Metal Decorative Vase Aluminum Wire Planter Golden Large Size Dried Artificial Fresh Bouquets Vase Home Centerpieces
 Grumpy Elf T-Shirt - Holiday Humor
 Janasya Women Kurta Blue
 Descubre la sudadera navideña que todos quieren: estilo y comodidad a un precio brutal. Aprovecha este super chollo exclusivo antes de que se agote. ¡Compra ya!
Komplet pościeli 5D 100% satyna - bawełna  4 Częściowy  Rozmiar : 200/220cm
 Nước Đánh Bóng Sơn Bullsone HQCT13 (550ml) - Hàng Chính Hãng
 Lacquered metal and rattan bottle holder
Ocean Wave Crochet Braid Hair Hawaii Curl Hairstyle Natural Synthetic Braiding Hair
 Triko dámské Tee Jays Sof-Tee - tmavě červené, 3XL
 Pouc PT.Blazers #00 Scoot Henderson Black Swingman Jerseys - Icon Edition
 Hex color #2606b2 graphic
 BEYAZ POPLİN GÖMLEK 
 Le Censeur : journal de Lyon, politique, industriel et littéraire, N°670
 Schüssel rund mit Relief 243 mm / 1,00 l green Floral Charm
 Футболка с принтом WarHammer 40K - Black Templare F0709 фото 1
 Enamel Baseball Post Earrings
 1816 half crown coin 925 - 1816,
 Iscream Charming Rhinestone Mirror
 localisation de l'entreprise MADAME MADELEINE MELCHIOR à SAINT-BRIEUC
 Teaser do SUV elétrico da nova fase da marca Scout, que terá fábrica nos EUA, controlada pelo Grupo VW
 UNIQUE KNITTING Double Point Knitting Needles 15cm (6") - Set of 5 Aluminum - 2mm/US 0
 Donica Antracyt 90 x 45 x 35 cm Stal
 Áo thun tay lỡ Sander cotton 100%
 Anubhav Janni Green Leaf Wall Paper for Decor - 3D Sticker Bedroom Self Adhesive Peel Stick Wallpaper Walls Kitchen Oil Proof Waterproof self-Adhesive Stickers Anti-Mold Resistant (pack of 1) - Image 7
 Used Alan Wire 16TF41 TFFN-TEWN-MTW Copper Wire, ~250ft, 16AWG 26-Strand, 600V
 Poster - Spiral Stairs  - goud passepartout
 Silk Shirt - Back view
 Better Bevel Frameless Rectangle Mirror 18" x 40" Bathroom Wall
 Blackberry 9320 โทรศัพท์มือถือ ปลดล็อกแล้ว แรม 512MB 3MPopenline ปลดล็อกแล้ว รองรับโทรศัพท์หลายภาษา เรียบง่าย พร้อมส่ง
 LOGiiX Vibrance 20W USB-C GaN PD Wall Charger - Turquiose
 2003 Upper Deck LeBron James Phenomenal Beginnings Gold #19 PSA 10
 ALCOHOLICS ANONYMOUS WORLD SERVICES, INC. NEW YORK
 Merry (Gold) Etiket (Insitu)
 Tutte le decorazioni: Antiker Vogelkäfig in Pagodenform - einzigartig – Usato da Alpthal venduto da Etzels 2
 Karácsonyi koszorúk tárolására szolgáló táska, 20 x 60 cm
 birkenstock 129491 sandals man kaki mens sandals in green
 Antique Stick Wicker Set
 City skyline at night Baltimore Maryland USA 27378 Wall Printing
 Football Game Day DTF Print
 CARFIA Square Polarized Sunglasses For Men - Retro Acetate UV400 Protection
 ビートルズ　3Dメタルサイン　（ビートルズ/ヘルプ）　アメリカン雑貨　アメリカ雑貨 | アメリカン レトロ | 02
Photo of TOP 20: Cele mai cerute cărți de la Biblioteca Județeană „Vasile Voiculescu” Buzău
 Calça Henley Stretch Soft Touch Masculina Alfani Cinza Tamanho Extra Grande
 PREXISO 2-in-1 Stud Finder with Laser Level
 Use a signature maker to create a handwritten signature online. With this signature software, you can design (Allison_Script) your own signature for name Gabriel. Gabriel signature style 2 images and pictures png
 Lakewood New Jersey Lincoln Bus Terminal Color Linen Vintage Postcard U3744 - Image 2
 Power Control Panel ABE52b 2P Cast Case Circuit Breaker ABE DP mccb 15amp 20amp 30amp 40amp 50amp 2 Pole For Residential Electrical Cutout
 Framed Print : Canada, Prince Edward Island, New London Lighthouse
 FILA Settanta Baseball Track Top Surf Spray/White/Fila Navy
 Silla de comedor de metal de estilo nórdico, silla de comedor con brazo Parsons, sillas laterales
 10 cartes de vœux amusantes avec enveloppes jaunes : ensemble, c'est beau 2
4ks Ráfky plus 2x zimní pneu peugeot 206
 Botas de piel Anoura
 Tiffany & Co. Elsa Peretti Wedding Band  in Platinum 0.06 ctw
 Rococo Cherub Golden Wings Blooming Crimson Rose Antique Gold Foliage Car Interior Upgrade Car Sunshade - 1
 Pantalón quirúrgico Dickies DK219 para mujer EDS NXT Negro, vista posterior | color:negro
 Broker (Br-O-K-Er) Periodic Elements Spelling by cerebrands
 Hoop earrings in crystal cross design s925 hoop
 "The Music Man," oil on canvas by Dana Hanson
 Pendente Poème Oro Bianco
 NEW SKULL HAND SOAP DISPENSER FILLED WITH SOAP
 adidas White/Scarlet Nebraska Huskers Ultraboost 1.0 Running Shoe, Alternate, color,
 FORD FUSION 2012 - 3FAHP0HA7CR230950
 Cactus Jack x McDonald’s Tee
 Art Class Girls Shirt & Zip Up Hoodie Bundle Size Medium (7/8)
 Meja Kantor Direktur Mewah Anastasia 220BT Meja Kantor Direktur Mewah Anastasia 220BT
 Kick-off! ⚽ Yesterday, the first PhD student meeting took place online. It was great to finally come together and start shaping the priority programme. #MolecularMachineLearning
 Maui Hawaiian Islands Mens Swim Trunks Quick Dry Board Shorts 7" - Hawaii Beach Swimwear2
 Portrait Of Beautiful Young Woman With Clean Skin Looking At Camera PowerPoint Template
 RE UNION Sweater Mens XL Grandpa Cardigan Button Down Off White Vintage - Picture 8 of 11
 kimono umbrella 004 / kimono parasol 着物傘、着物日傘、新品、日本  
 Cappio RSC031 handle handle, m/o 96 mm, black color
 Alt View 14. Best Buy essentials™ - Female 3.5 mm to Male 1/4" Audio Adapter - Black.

*-*-*

• _PROBLEM DETAILS_
Where a line above contains the word "Wall", copy that line.

• _TASK RESPONSE_
 Anubhav Janni Green Leaf Wall Paper for Decor - 3D Sticker Bedroom Self Adhesive Peel Stick Wallpaper Walls Kitchen Oil Proof Waterproof self-Adhesive Stickers Anti-Mold Resistant (pack of 1) - Image 7
 Better Bevel Frameless Rectangle Mirror 18" x 40" Bathroom Wall
 LOGiiX Vibrance 20W USB-C GaN PD Wall Charger - Turquiose
 City skyline at night Baltimore Maryland USA 27378 Wall Printing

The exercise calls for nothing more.